- Work request: Look below for the lines from the one with "Women's Sherpa Lined" to the one with "Elton John : Empty Sky (LP, Album, RE)", and copy exactly those lines, both ends included.

- Given records:

* * * * *

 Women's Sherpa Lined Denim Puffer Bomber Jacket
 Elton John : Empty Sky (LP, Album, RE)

* * * * *

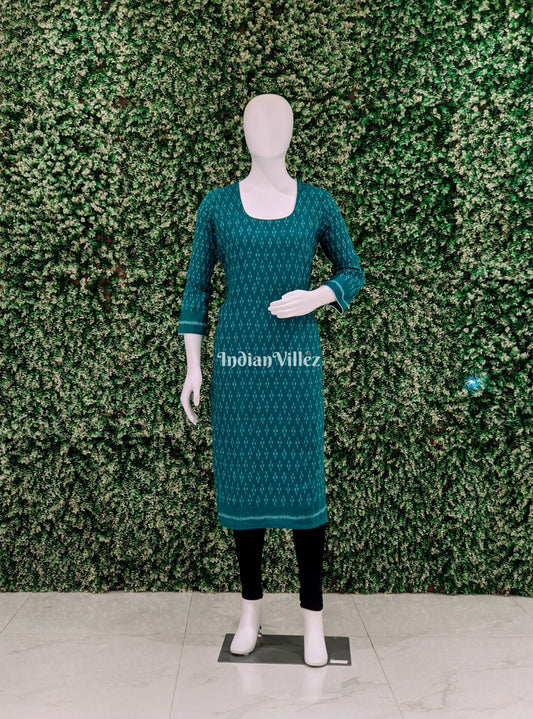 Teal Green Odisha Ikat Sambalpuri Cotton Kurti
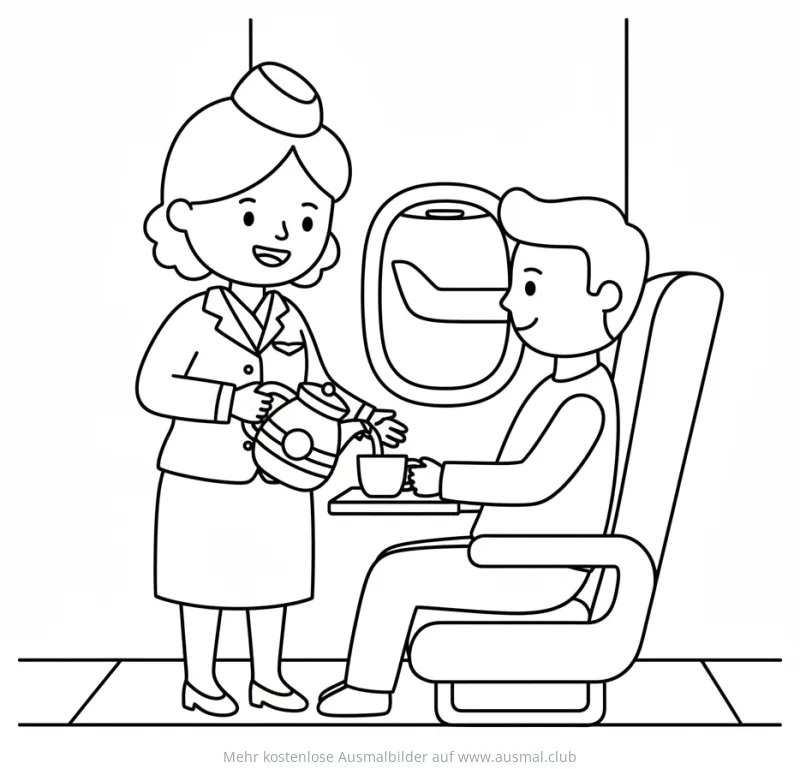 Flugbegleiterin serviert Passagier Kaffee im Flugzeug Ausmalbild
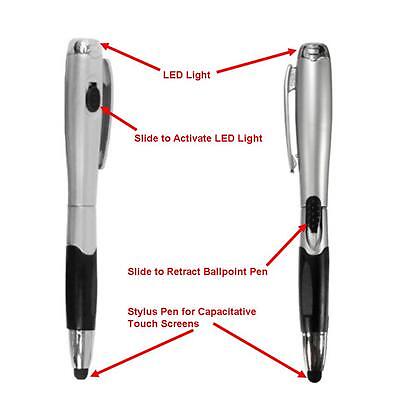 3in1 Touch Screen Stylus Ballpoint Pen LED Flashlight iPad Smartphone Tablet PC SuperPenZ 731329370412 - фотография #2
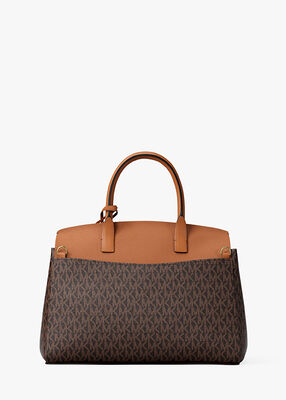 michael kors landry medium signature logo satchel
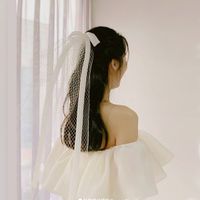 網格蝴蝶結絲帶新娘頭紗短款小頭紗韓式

* * * * *

- Written solution:
 Women's Sherpa Lined Denim Puffer Bomber Jacket
 Elton John : Empty Sky (LP, Album, RE)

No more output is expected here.